Aside from the pictures, copy the listing exactly.

——————————

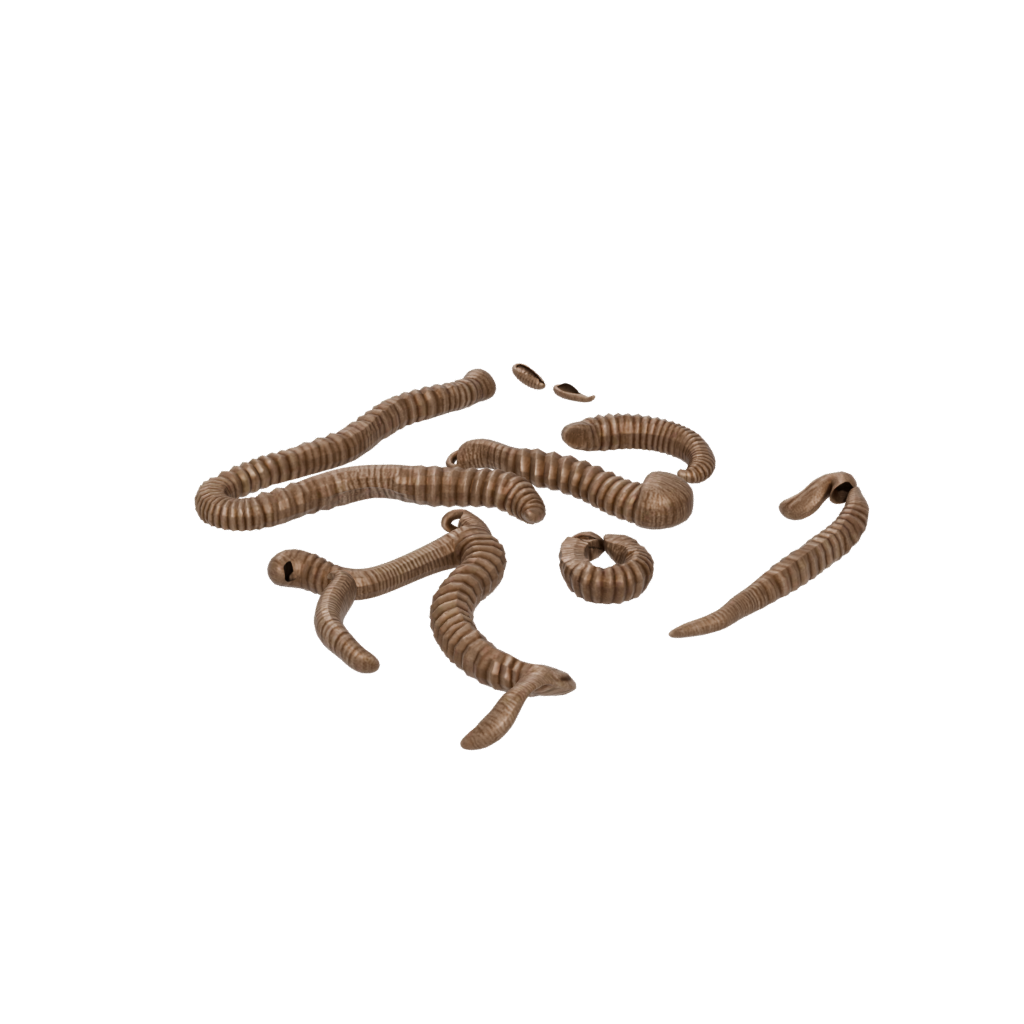 Bronze Textured Articulated Worm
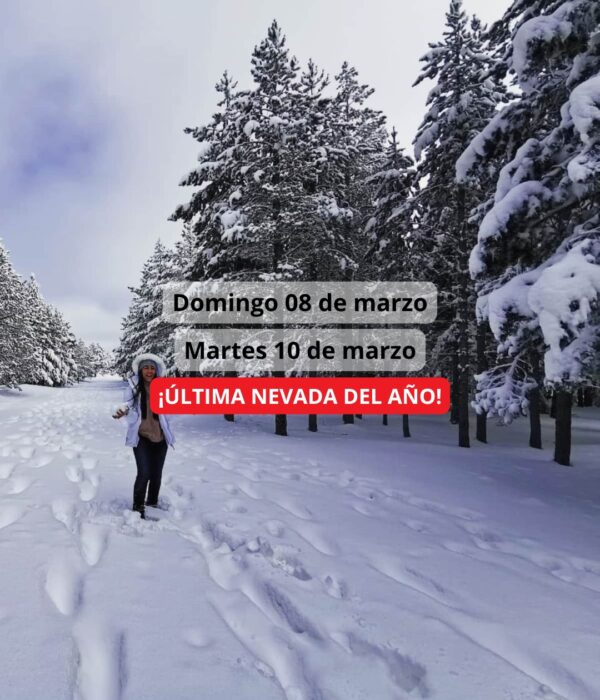 ¡Las mejores excursiones, circuitos y viajes desde Valencia en un mismo lugar!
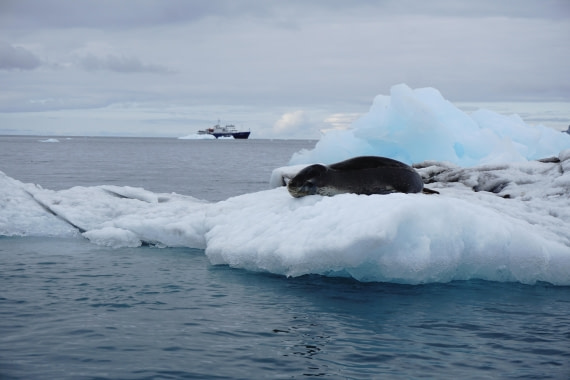 PLA26-26, Day 8, DSC08773.JPG © Unknown Photographer - Oceanwide Expeditions.JPG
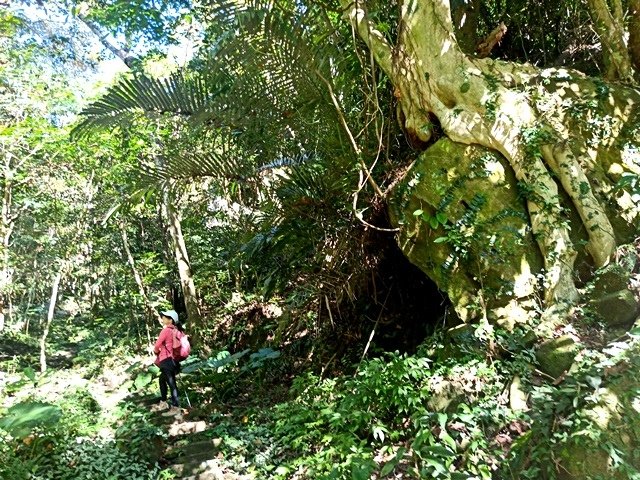 【苗栗】隱匿在山脈中的冷門古道探險：楔隘古道（錫隘古道）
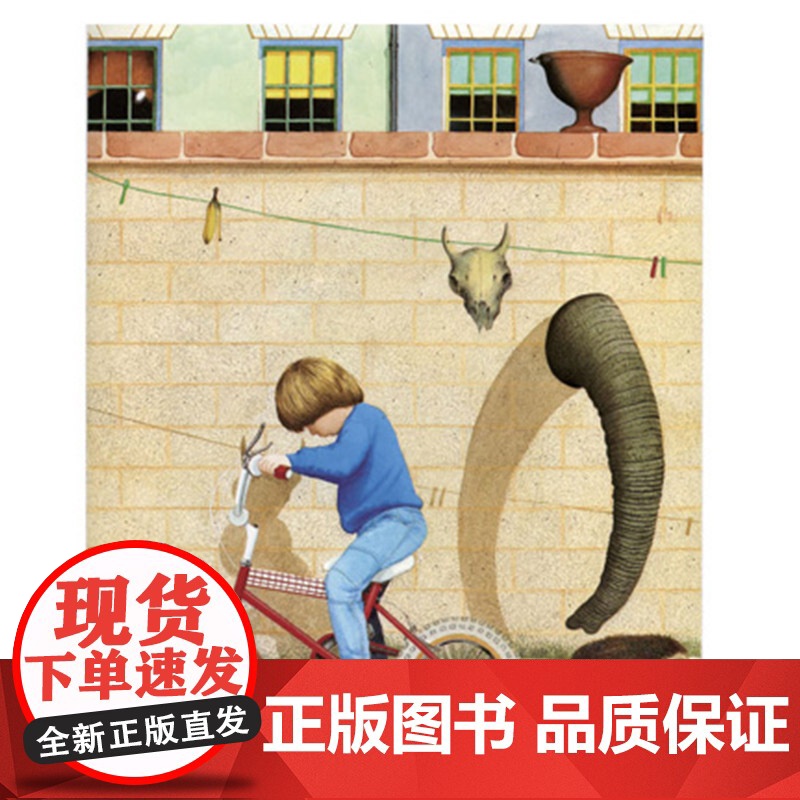小凯的家不一样了硬壳精装图画书绘本从孩子的心态和视角出发超现实的梦想创作安东尼布朗3岁4岁5岁6岁亲子共读二胎启发正版童高清大图
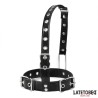 Collar con Gancho para la Nariz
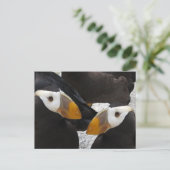 Puffins... Briefkaart (Staand voorkant)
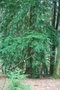 vignette Tsuga heterophylla (Arboretum de La Jonchre, La Jonchre-Saint Maurice, Haute-Vienne, Limousin)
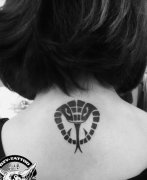 女生背部一款图腾眼镜蛇纹身图案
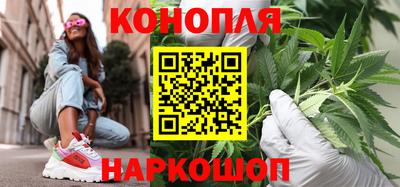 стаф Будённовск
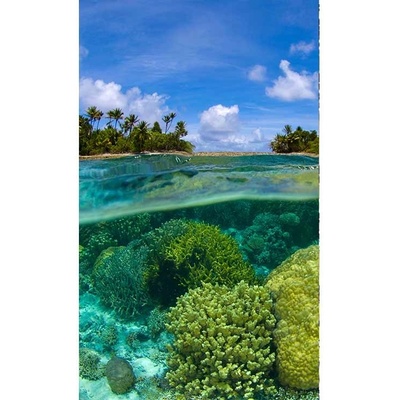 Dimex MS-2-0200 vliesová fototapeta rozměry 150 x 250 cm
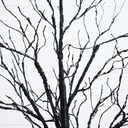 Nearly Natural 5ft Pre-Lit Black Twig Halloween Tree with 240 LED Lights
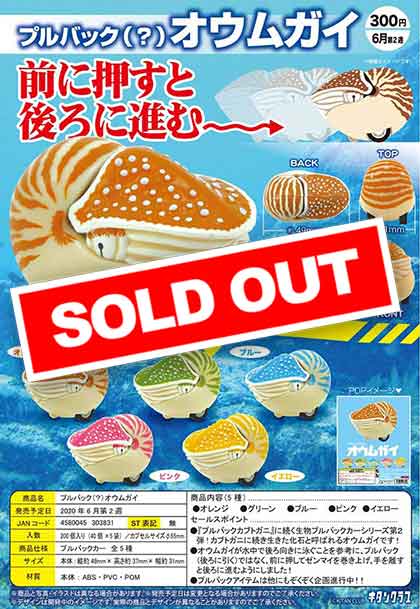 オウムガイ2個セット K06】プルバック（？）オウムガイ （40個入り）【予約商品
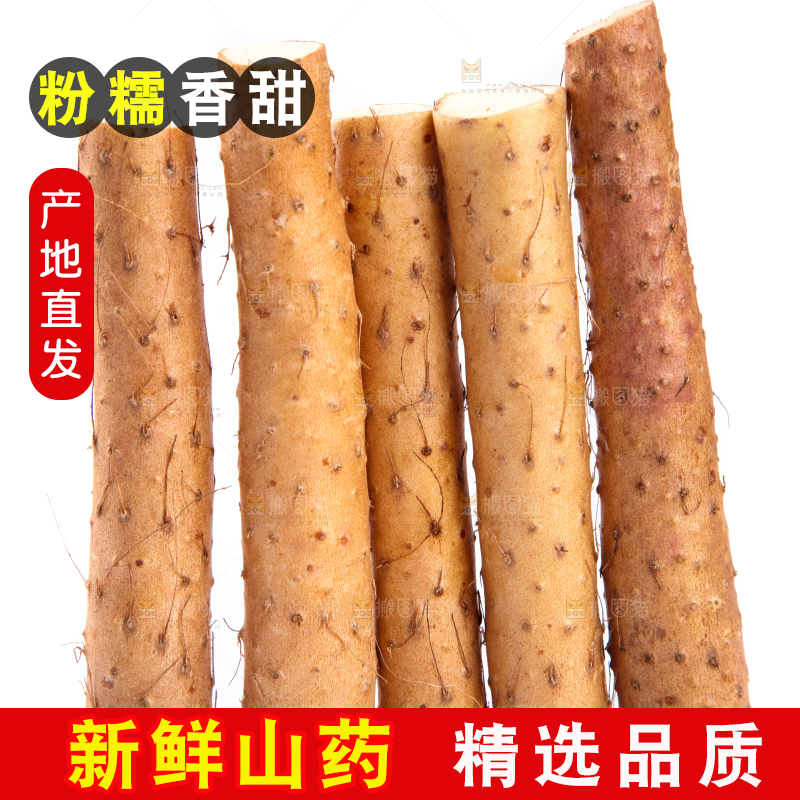 白底上放着淮山药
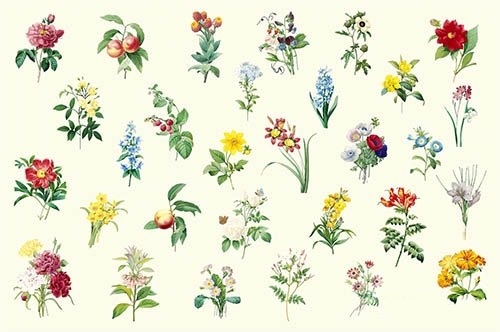 Set of beautiful blooming wildflowers vector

——————————

## REPLY TO THE TASK
 Bronze Textured Articulated Worm
 ¡Las mejores excursiones, circuitos y viajes desde Valencia en un mismo lugar!
 PLA26-26, Day 8, DSC08773.JPG © Unknown Photographer - Oceanwide Expeditions.JPG
 【苗栗】隱匿在山脈中的冷門古道探險：楔隘古道（錫隘古道）
小凯的家不一样了硬壳精装图画书绘本从孩子的心态和视角出发超现实的梦想创作安东尼布朗3岁4岁5岁6岁亲子共读二胎启发正版童高清大图
 Collar con Gancho para la Nariz
 Puffins... Briefkaart (Staand voorkant)
 vignette Tsuga heterophylla (Arboretum de La Jonchre, La Jonchre-Saint Maurice, Haute-Vienne, Limousin)
 女生背部一款图腾眼镜蛇纹身图案
 стаф Будённовск
 Dimex MS-2-0200 vliesová fototapeta rozměry 150 x 250 cm
 Nearly Natural 5ft Pre-Lit Black Twig Halloween Tree with 240 LED Lights
 オウムガイ2個セット K06】プルバック（？）オウムガイ （40個入り）【予約商品
 白底上放着淮山药
 Set of beautiful blooming wildflowers vector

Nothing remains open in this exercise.